Nell’attesa di conoscere un qualche testo definitivo del decreto sblocca-Italia che occorrerà sia portato alla firma del Presidente della Repubblica – crediamo che le slides a cui ci ha abituato questo governo 2.0 proprio non bastino a far apporre la firma del Capo dello Stato – e così nell’attesa che la “mano destra” del ministero dello sviluppo economico a guida della destrorsa Guidi si concerti e sappia cosa fa la “mano morta” del ministero dell’economia a guida Padoan e Fondo Monetario Internazionale, pur qualche considerazione, che non siano né le forme di quel bellicismo proto-brigantesco a basso profilo politico o quella quasi godottiana attesa di eventi che a dispetto di tutti arriveranno, toccherà farla.

E non intendendo dilungarmi ancora su argomenti, quelli dell’aumento surrettizio ed esponenziale dei volumi di estratto degli idrocarburi in regione, di cui ormai da anni avviso la politica e la società lucana tutta e che finora sono stati ignorati o messi in disparte per le più varie forme di bassa convenienza o di miopia politica, argomenti che purtroppo e puntualmente oggi sono presentati all’incasso, sarebbe utilmente meglio cominciare a tratteggiare le cose da farsi per impedire che ciò avvenga e che questa nostra regione non diventi quella damigiana petrolifera che paga i conti del Paese, divenendo ciò che tutti sanno divenire qualsiasi zona del mondo dove si estraggano e trattino idrocarburi, una degradata ed inquinata periferia del mondo.
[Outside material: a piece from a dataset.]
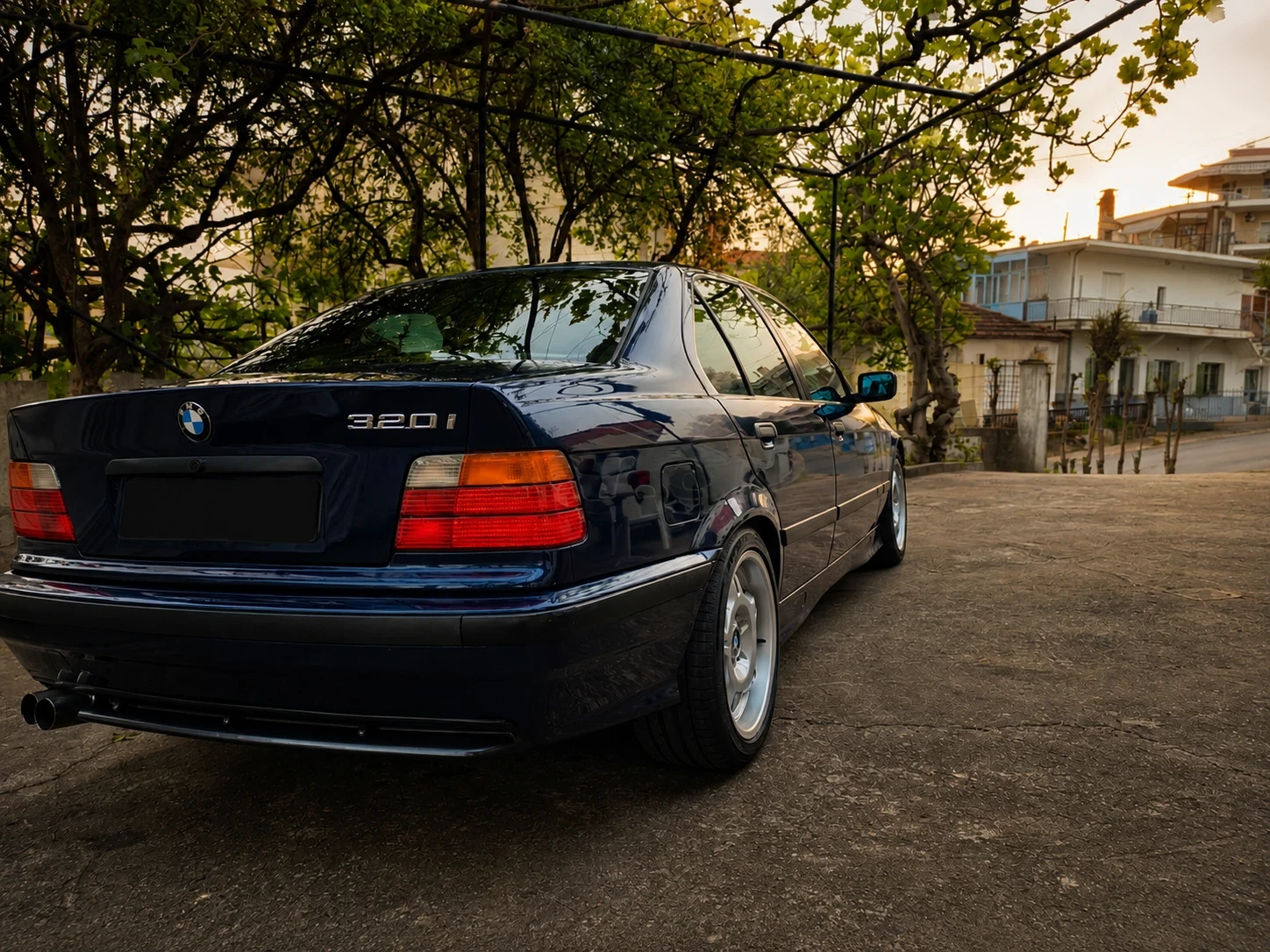 BMW 320 M50B20, снимка 2 - Автомобили и джипове - 55570585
Il decreto nel passo specifico dedicato agli idrocarburi (ma anche delle infrastrutture legate all’energia) introduce una vera e propria innovazione costituzionale, che a titolo V ancora vigente, confligge subito e irrimediabilmente con il dettato costituzionale nelle materie di concorrenza legislativa delegate finora e tuttora alle regioni all’art. 117, derivandone una illegittimità che se non ravvisata dal Presidente della Repubblica che ha comunque facoltà di respingere la decretazione, non impedirebbe comunque alla Regione Basilicata di promuovere subito presso la Corte Costituzionale un giudizio di incostituzionalità del dettato ai sensi dell’art. 134 della stessa carta Costituzionale.
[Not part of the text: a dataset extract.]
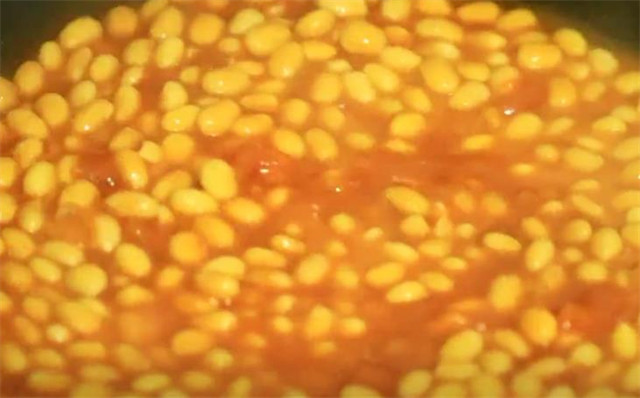 黄豆别再打豆浆了，放1个西红柿，学会这个独特做法，营养又解馋(图5)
Sarebbe opportuno così che tale iniziativa sia subito messa in campo attraverso il nostro ufficio legale, allo scopo di precostituire una barriera temporale ad una parte del decreto in grado di reggere almeno fino all’approvazione definitiva di quella riforma del titolo V della Costituzione che ignominiosamente e per un meschino calcolo di bottega molti senatori hanno approvato, compresi i lucani, forse senza che costoro abbiano valutato appieno pesi e misure che un simile capovolgimento di assi decisori avrebbe comportato localmente in materie a forte impatto ambientale-strategico, sanitario e di programmazione dei territori.

Sarebbe inoltre molto opportuno che il nostro Presidente della regione prima di tutto spieghi ai cittadini lucani cosa significhino quelle parole del premier circa la proficua interlocuzione con i presidenti delle regioni, chiarendo così la qualità della sua interlocuzione, sia in merito alla materia degli aumenti degli estratti, sia in merito allo sforamento del patto di stabilità che era chiaro a tutti, forse tranne che a lui, che sarebbe stato usato come ariete per un ricatto vero e proprio, poi dica chiaro e tondo alla società lucana, senza quel pilatismo di scuderia renziana che lascia spazio a molti, troppi dubbi nei cittadini, se ha e quale sia la sua strategia per resistere a questa manovra a tenaglia, quindi le azioni che egli intende intraprendere, partendo da un dialogo che pure deve essere alla base di qualsiasi opposizione concertata e condivisa con i lucani tutti. Ma dialogo appunto, non scimmiottamento di un capopopolo.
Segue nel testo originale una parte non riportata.